The authors declare that an ethics committee vote is not required.


Literatur

[1] Patsakis C, Lykousas N. Man vs the machine in the struggle for effective text anonymisation in the age of large language models. Sci Rep. 2023 Sep 25;13(1):16026.
[2] Liu Z, Huang Y, Yu X, Zhang L, Wu Z, Cao C, Dai H, Zhao L, Li Y, Shu P, Zeng F, Sun L, Liu W, Shen D, Li Q, Liu T, Zhu D, Li X. DeID-GPT: Zero-shot Medical Text De-Identification by GPT-4 [Preprint]. arXiv. 2023. DOI: 10.48550/arXiv.2303.11032
[3] Shusterman R, Waters AC, O’Neill S, Bangs M, Luu P, Tucker DM. An active inference strategy for prompting reliable responses from large language models in medical practice.

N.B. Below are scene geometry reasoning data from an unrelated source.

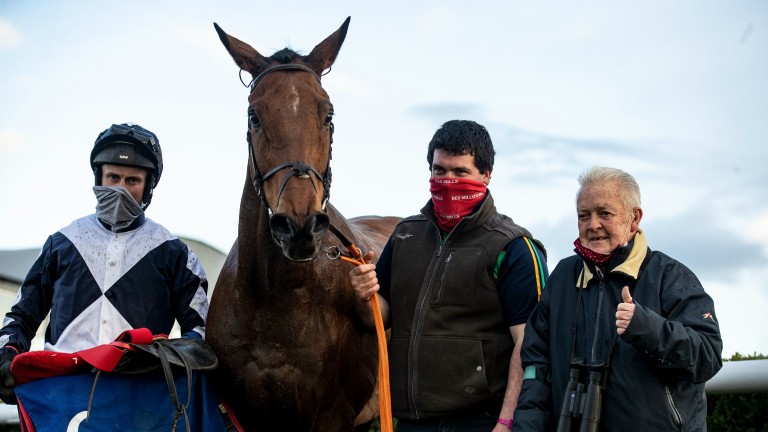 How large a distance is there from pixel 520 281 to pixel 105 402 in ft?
6.35

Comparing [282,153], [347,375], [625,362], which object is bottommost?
[347,375]

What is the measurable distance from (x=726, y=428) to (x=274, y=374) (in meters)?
3.87

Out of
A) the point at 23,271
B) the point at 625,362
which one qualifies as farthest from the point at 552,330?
the point at 23,271

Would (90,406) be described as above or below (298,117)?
below

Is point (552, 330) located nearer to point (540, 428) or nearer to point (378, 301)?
point (540, 428)

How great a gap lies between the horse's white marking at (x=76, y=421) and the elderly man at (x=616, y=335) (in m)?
1.95

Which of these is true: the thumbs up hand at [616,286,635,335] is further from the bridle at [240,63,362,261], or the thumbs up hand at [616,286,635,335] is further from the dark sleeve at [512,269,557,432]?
the bridle at [240,63,362,261]

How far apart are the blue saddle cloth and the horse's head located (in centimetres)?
98

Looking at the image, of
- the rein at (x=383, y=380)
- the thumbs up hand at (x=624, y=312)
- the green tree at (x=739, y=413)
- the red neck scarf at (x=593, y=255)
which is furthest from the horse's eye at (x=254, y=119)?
the green tree at (x=739, y=413)

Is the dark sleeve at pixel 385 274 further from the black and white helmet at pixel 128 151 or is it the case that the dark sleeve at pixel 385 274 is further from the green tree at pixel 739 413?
the green tree at pixel 739 413

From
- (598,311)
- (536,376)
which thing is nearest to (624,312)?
(598,311)

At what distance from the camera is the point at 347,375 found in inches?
174

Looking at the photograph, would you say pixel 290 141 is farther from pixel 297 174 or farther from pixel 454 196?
pixel 454 196

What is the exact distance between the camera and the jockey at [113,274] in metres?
4.20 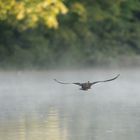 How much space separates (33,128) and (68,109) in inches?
96.1

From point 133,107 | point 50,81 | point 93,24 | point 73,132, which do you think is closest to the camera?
point 73,132

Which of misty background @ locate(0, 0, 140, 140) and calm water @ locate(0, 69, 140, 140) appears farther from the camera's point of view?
misty background @ locate(0, 0, 140, 140)

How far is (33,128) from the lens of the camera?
1210 centimetres

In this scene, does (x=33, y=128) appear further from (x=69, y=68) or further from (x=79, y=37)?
(x=79, y=37)

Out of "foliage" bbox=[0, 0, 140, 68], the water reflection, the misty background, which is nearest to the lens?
the water reflection

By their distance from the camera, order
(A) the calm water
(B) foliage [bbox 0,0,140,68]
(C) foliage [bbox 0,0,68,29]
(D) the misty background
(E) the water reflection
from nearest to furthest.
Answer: (E) the water reflection
(A) the calm water
(D) the misty background
(C) foliage [bbox 0,0,68,29]
(B) foliage [bbox 0,0,140,68]

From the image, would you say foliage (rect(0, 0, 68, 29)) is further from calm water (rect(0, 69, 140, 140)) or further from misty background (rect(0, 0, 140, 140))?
calm water (rect(0, 69, 140, 140))

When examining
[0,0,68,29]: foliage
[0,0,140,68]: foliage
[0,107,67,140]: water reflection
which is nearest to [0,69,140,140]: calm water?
[0,107,67,140]: water reflection

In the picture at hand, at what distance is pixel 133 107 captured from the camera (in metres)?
14.5

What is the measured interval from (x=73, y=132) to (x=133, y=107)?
2945 mm

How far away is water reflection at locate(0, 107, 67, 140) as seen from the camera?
1133 centimetres

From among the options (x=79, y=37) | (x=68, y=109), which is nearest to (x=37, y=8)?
(x=68, y=109)

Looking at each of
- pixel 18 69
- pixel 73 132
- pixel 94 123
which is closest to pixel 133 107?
pixel 94 123

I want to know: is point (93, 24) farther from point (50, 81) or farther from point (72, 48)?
point (50, 81) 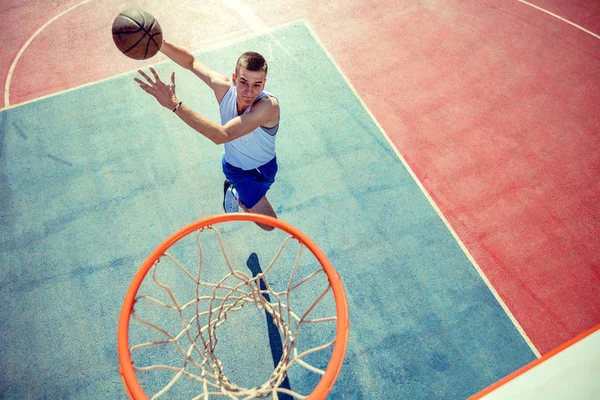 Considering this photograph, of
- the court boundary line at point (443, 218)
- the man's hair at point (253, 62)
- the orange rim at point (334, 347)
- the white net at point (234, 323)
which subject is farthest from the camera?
the court boundary line at point (443, 218)

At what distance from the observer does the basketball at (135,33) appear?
13.0 feet

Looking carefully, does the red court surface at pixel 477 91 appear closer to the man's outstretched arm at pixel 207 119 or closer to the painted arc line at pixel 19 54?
the painted arc line at pixel 19 54

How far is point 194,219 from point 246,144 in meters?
1.39

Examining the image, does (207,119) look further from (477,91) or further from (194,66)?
(477,91)

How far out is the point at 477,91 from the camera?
21.0 ft

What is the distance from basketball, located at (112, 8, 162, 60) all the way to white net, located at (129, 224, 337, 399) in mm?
1937

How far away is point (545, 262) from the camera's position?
4.97m

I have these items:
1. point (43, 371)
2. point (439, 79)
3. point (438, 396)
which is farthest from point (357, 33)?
point (43, 371)

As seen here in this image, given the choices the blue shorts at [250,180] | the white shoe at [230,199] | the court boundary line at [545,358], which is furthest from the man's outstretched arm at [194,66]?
the court boundary line at [545,358]

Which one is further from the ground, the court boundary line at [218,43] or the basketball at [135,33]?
the basketball at [135,33]

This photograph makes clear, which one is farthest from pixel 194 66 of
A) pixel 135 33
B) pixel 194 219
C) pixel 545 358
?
pixel 545 358

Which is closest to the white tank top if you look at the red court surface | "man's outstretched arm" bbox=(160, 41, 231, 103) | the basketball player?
the basketball player

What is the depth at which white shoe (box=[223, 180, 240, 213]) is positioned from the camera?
4.97 m

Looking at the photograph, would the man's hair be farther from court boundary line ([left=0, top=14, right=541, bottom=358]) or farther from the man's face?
court boundary line ([left=0, top=14, right=541, bottom=358]) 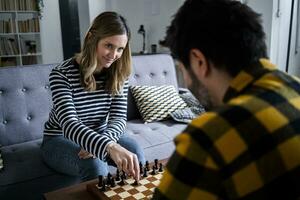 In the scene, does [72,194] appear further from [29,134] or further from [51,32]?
[51,32]

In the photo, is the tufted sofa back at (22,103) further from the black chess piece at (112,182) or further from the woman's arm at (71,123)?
the black chess piece at (112,182)

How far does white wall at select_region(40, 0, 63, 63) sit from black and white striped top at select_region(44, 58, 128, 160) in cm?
353

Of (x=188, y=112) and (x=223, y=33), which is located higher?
(x=223, y=33)

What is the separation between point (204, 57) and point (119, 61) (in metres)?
1.05

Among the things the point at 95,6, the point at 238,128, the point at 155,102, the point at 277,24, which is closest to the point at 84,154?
the point at 155,102

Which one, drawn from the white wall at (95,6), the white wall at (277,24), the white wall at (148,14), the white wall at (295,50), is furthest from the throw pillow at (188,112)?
the white wall at (95,6)

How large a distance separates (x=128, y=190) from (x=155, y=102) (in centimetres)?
108

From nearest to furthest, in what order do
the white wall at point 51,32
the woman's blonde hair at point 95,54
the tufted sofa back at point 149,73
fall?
1. the woman's blonde hair at point 95,54
2. the tufted sofa back at point 149,73
3. the white wall at point 51,32

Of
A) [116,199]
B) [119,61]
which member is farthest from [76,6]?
[116,199]

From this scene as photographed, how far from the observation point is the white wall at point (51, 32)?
4832 millimetres

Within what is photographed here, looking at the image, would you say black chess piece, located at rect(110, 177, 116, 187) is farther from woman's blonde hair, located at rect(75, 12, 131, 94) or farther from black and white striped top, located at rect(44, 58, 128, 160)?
woman's blonde hair, located at rect(75, 12, 131, 94)

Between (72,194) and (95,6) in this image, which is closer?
(72,194)

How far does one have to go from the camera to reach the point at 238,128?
1.68 feet

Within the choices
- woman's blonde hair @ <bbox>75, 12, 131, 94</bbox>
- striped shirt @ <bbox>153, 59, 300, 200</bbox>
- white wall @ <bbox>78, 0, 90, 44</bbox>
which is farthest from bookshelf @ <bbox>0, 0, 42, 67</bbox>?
striped shirt @ <bbox>153, 59, 300, 200</bbox> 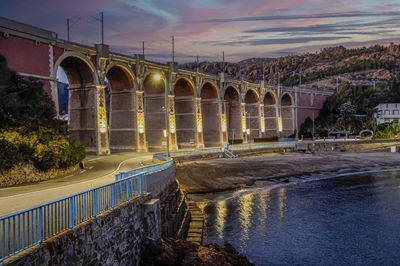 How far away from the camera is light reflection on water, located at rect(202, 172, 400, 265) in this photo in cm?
1938

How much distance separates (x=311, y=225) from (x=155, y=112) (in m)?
36.7

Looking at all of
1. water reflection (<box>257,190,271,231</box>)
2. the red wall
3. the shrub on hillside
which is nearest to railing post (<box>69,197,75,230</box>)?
water reflection (<box>257,190,271,231</box>)

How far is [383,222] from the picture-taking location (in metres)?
24.7

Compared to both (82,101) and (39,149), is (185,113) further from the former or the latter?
(39,149)

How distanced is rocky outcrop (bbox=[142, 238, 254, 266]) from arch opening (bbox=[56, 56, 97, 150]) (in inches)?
1144

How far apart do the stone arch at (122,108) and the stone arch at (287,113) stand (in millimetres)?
53977

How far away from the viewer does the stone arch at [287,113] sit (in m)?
93.8

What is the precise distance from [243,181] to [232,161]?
28.3 feet

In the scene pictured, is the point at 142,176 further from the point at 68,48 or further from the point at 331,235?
the point at 68,48

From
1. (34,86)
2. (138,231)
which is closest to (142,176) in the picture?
(138,231)

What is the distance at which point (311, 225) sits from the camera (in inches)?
948

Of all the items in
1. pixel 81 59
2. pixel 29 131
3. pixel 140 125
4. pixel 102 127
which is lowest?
pixel 29 131

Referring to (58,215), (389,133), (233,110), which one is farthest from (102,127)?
(389,133)

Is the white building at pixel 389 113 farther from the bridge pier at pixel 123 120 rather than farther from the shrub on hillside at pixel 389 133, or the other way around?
the bridge pier at pixel 123 120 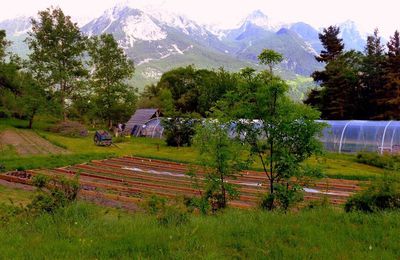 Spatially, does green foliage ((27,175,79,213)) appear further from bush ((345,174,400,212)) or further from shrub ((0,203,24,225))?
bush ((345,174,400,212))

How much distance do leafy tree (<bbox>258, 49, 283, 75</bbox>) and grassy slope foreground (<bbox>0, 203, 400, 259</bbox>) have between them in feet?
17.0

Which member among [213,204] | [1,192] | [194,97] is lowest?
[1,192]

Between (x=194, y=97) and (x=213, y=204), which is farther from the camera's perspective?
(x=194, y=97)

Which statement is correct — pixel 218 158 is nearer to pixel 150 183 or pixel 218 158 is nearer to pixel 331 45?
pixel 150 183

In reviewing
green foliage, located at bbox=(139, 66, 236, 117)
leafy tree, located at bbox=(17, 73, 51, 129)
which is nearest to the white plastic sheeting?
green foliage, located at bbox=(139, 66, 236, 117)

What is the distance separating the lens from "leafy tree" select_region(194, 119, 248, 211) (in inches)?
415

Npj Digit Med. 2025 Feb 22;8(1):1–10.
[4] Modersohn L, Schulz S, Lohr C, Hahn U. GRASCCO – The First Publicly Shareable, Multiply-Alienated German Clinical Text Corpus. In: German Medical Data Sciences 2022 – Future Medicine: More Precise, More Integrative, More Sustainable! IOS Press; 2022. p. 66–72. DOI: 10.3233/SHTI220805
[5] Lohr C, Matthies F, Faller J, Modersohn L, Riedel A, Hahn U, Kiser R, Boeker M, Meineke F. De-Identifying GRASCCO – A Pilot Study for the De-Identification of the German Medical Text Project (GeMTeX) Corpus. In: German Medical Data Sciences 2024. IOS Press; 2024. p. 171–9. DOI: 10.3233/SHTI240853
[6] Wiest IC, Leßmann ME, Wolf F, Ferber D, Treeck MV, Zhu J, Ebert MP, Westphalen CB, Wermke M, Kather JN. Deidentifying Medical Documents with Local, Privacy-Preserving Large Language Models: The LLM-Anonymizer. NEJM AI. 2025 Mar 27;2(4):AIdbp2400537.